On 9/15/21 07:32, David Rientjes wrote:
> On Mon, 13 Sep 2021, Vlastimil Babka wrote:
> 
>> While this is no longer a problem in kmemcg context thanks to the accounting
>> rewrite in 5.9, the memory waste is still not ideal and it's questionable
>> whether it makes sense to perform free object count based control when object
>> counts can easily become so much inaccurate. So this patch converts the
>> accounting to be based on number of pages only (which is precise) and removes
>> the page->pobjects field completely. This is also ultimately simpler.
>> 
> 
> Thanks for the very detailed explanation, this is very timely for us.
> 
> I'm wondering if we should be concerned about the memory waste even being 
> possible, though, now that we have the kmemcg accounting change?
> 
> IIUC, because we're accounting objects and not pages, then it *seems* like 
> we could have a high number of pages but very few objects charged per 
> page so this memory waste could go unconstrained from any kmemcg 
> limitation.

So the main problem before 5.9 was that there were separate kmem caches per
memcg with their own percpu partial lists, so the memory used was determined
by caches x cpus x memcgs, now they are shared so it's just caches x cpus.
What you're saying would be also true, but relatively much smaller issue
than what it was before 5.9.

>> To retain the existing set_cpu_partial() heuristic, first calculate the target
>> number of objects as previously, but then convert it to target number of pages
>> by assuming the pages will be half-filled on average.
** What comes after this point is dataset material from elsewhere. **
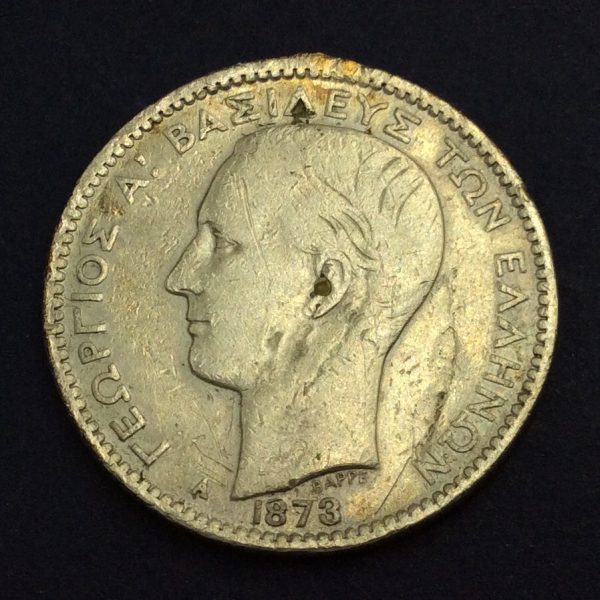 Greece 1 Drachmai 1873 Silver Coin GC726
This assumption might
>> obviously also be inaccurate in practice, but cannot degrade to actual number of
>> pages being equal to the target number of objects.
>> 
> 
> I think that's a fair heuristic.
> 
>> We could also skip the intermediate step with target number of objects and
>> rewrite the heuristic in terms of pages. However we still have the sysfs file
>> cpu_partial which uses number of objects and could break existing users if it
>> suddenly becomes number of pages, so this patch doesn't do that.
>> 
>> In practice, after this patch the heuristics limit the size of percpu partial
>> list up to 2 pages. In case of a reported regression (which would mean some
>> workload has benefited from the previous imprecise object based counting), we
>> can tune the heuristics to get a better compromise within the new scheme, while
>> still avoid the unexpectedly long percpu partial lists.
>> 
> 
> Curious if you've tried netperf TCP_RR with this change?  This benchmark 
> was the most significantly improved benchmark that I recall with the 
> introduction of per-cpu partial slabs for SLUB.  If there are any 
> regressions to be introduced by such an approach, I'm willing to bet that 
> it would be surfaced with that benchmark.

I'll try, thanks for the tip.